Cada cuatro años Casanare se convierte, otra vez, en escenario de una vieja obra que sus protagonistas interpretan con disciplina y descaro: la temporada de politiquería itinerante. Un ciclo repetitivo donde los mismos líderes nacionales, muchos con prontuarios más gruesos que sus discursos, deciden hacer una gira folclórica por la región para enamorar al electorado que, todavía, y dolorosamente, sigue cayendo en las trampas de siempre.

Es un espectáculo predecible. Llegan con cámaras, asesores y guionistas a cuestas. Alzan niños para la foto, comen fritanga para parecer del pueblo y disimular su clasismo, pero además caminan por el comercio y sectores populares buscando conversar con la gente de a pie como si algo genuino se moviera en ellos. Usan las mismas frases desgastadas, prometen lo que jamás han cumplido y venden una cercanía artificial que se desvanece tan rápido como su avión privado al despegar de regreso a sus zonas de confort.
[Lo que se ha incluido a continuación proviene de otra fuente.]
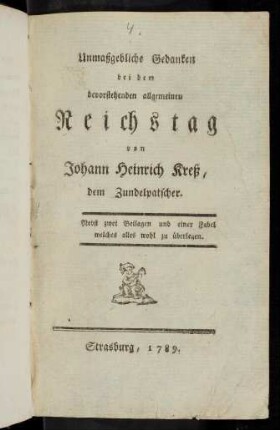 Unmassgebliche Gedanken bei dem bevorstehenden allgemeinen Reichstag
Sus discursos son hermosos, sí. Deberían ganar premios por creatividad literaria. Pero sus antecedentes hieden. Es la cruda verdad. Muchos de ellos han amasado fortunas con el erario público; otros ostentan patrimonios fantásticos cuya procedencia resulta tan inverosímil como la supuesta sensibilidad social que intentan vender en campaña. Y la población, por cansancio, por necesidad o por desinformación, vuelve a posar para la foto con ellos, aun sabiendo que no regresarán hasta dentro de cuatro años.
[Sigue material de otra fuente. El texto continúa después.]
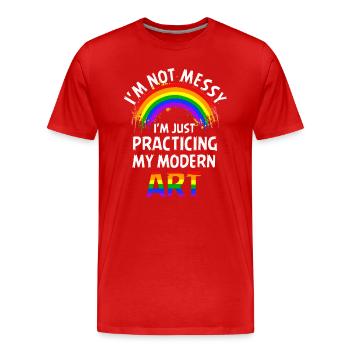 I'm Not A Messy Fun Modern Art Painting - Men's Premium Organic T-Shirt - red - Front - Damien (186cm)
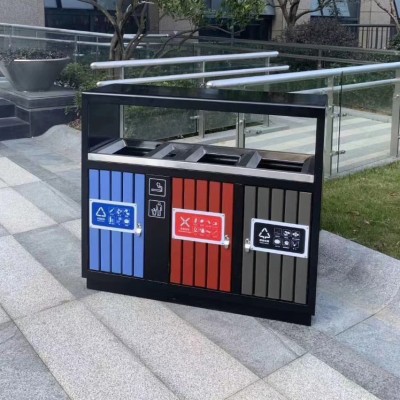 不锈钢三分类垃圾桶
Mientras tanto, Casanare sigue esperando soluciones reales, la conexión vial de Yopal con el centro del país es, desde hace años, un monumento al abandono. Una región con potencial gigantesco, tratada como un botín electoral y no como un territorio digno de inversión, desarrollo y respeto. Nos buscan para pedir votos, pero no para responderle a un departamento que lleva décadas enviando recursos a la nación y recibiendo migajas a cambio.

Y lo más indignante es la burla silenciosa que sigue después. Cuando ya tienen los votos, regresan a sus mansiones opulentas, se acomodan en sus sillones de cuero, y desde la distancia se ríen del “pueblo casanareño que todavía cree en promesas”. Su acostumbrada respuesta: “No me llame, yo lo llamo” es su expresión burlesca que resulta siendo la verdadera radiografía del desprecio político hacia nuestra gente.

Casanare merece más. Merece líderes presentes, no visitantes. Merece planeación desde el ámbito nacional, no improvisación. Merece inversión, no limosna. Merece dignidad, no fotos circenses.

La pregunta es: ¿cuándo nos cansaremos de que nos traten como un paisaje pintoresco para sus campañas? ¿Cuándo diremos basta a la risa de quienes solo nos recuerdan cuando necesitan llenar sus urnas?

El cambio empieza por dejar de aplaudir a quienes siempre han vivido del engaño. Empieza por nosotros. Empieza hoy.